[BUGS] CREATE INDEX spoils IndexScan planns

2003-10-31 Thread Nitz
Hi!

SOME BACKGROUND:
I am having a rather annoying problem which I have no explonation to so 
I am calling it a bug.
Currenty I am designing a rather huge database with 700+ tables and 
unfortunately I am quite late to discover
this as my test data is imported via \i 
the_whole_database_definition_and_test_data.sql

The definition file is getting pretty big, so when I noticed that I 
forgot to define one of the indexes I did a
CREATE INDEX by hand. It was than that I noticed that all planns to use 
IndexScan on that table had been canceled
and that everything was to be done via SeqScan (full table scan?). Which 
renders my table and the database useless
in real life. There are about 4.3 million records added to that table, 
per month. SeqScan BAD - IndexScan GOOD! :)

Google time... Users complained about VACUUM (analyze | full) 
"corrupting" the index or at least it's
planned usage.
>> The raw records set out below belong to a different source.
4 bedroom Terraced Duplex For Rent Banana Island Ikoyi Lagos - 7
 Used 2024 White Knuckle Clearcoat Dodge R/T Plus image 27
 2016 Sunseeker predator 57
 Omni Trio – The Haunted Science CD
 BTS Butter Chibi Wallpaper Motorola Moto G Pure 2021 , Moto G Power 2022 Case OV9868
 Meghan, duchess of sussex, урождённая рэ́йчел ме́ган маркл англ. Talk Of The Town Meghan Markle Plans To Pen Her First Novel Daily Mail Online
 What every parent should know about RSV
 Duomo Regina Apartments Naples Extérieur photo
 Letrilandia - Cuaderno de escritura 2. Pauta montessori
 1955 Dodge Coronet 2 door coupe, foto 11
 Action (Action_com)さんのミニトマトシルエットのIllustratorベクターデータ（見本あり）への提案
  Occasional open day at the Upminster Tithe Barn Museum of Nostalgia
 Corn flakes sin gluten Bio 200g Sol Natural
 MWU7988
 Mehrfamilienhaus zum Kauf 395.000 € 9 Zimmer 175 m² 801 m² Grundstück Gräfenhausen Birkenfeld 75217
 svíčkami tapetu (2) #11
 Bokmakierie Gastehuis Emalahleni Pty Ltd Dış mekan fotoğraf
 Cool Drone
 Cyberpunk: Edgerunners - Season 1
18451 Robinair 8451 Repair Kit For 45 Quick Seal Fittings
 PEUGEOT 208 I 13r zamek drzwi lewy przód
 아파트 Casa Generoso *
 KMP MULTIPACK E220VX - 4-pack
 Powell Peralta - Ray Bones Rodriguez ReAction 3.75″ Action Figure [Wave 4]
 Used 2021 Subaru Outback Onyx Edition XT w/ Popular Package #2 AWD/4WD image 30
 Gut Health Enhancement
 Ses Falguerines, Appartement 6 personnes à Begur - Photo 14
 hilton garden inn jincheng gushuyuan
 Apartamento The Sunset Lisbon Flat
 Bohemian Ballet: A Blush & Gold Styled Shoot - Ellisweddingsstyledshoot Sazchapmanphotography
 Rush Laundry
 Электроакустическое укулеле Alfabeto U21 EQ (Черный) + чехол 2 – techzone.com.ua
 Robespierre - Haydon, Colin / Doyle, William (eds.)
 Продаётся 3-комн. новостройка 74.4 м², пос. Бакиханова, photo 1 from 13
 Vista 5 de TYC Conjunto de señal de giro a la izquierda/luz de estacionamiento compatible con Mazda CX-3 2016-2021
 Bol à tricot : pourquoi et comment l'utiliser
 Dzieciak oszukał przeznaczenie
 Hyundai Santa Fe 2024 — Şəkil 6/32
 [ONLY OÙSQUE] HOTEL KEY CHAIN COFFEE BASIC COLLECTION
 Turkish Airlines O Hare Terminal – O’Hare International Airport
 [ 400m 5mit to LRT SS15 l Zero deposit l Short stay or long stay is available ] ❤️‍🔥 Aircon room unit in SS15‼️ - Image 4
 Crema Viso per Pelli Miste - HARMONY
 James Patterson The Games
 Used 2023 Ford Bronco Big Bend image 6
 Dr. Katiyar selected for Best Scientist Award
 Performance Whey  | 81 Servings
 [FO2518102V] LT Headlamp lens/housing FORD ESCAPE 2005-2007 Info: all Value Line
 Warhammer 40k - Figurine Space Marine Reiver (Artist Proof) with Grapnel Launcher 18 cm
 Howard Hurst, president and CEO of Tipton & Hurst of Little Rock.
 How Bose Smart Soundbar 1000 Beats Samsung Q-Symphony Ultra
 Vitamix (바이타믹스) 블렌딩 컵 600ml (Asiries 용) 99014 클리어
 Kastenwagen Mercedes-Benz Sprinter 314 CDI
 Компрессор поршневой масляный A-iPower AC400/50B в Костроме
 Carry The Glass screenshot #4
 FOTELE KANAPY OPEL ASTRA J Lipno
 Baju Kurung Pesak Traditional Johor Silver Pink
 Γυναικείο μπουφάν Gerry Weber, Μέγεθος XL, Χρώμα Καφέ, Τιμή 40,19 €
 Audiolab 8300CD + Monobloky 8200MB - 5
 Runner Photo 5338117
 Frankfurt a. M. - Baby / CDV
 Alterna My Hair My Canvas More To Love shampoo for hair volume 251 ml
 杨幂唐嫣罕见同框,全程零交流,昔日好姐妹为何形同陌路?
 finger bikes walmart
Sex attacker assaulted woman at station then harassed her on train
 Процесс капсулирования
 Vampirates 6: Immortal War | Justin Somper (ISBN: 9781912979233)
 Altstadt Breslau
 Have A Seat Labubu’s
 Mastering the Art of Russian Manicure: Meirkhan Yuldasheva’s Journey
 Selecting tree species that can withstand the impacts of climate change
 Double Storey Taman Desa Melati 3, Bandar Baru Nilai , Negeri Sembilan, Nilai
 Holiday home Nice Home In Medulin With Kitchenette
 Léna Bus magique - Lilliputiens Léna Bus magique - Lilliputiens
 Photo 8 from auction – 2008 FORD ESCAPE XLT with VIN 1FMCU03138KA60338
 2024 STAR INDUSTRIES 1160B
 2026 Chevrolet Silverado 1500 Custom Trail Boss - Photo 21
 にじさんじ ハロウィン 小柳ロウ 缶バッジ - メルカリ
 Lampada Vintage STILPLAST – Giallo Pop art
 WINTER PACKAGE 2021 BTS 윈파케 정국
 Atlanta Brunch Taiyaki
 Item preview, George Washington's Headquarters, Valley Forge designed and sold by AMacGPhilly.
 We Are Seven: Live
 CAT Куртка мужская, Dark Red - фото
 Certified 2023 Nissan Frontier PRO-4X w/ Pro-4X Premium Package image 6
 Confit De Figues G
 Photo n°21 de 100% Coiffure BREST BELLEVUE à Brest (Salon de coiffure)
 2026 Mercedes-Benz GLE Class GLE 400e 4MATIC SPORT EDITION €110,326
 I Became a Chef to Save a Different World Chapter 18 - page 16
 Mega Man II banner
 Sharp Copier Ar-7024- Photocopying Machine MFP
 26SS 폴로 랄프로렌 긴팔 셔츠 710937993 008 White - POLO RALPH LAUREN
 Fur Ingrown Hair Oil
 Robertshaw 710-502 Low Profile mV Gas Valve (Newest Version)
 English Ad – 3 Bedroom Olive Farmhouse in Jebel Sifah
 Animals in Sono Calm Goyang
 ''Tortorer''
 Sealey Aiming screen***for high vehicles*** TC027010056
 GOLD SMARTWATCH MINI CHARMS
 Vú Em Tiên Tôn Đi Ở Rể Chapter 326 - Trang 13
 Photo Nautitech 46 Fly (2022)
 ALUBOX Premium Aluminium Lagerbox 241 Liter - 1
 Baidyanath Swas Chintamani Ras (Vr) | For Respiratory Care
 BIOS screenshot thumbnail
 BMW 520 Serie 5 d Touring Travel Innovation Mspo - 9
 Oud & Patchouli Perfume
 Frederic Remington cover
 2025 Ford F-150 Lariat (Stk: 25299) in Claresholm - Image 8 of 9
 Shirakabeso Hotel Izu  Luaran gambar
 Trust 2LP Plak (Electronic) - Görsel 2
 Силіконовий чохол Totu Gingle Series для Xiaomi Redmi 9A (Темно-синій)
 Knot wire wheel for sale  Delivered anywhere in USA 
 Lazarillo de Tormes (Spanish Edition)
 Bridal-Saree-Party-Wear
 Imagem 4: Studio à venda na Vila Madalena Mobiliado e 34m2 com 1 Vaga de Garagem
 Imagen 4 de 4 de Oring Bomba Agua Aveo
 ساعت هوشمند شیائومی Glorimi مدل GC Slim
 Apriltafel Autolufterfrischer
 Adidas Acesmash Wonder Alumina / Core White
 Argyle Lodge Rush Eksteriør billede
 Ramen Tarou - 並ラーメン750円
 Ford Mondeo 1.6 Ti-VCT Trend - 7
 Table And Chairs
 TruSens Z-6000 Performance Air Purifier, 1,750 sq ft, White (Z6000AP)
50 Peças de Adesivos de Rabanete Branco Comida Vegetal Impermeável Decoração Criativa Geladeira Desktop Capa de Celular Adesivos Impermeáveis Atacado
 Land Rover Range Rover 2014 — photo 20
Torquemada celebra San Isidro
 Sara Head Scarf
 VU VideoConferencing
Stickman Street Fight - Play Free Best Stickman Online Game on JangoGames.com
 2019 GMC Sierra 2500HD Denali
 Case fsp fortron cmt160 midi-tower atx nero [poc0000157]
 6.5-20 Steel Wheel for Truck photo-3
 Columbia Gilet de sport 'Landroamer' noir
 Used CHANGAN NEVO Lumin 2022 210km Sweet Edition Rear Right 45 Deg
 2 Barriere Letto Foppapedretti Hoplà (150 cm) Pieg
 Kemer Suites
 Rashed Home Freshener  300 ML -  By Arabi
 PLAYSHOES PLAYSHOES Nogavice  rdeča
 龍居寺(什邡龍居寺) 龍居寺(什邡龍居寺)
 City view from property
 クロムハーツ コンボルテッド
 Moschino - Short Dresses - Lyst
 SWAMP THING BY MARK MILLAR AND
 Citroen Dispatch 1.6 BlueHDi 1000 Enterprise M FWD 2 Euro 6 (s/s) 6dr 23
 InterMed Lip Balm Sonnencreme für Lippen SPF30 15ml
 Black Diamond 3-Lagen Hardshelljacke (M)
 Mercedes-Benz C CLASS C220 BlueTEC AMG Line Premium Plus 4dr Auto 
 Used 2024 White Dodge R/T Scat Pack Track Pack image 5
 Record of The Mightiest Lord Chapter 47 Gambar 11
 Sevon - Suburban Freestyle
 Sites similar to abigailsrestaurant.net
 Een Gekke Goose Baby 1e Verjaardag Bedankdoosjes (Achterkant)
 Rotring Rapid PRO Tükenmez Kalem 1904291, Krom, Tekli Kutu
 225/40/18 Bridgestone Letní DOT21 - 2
There have been some suggestions about strict datatype 
casting (helps the optimizer), locale and
collation settings, etc. I've tried every resolution suggestion I was 
able to find. Just to be absolutely sure,
I've even donwloaded the 7.4 BETA 5 and verified that the problem is 
still present. No luck.

PROBLEM (btree index):
Index Scan plannes are ignored after ANY of the following:
CREATE INDEX... , VACUUM, VACUUM FULL, VACUUM ANALYZE, ANALYZE, REINDEX, 
REINDEX TABLE, REINDEX INDEX
and ./contrib/reindexdb (yes, I've tried that too).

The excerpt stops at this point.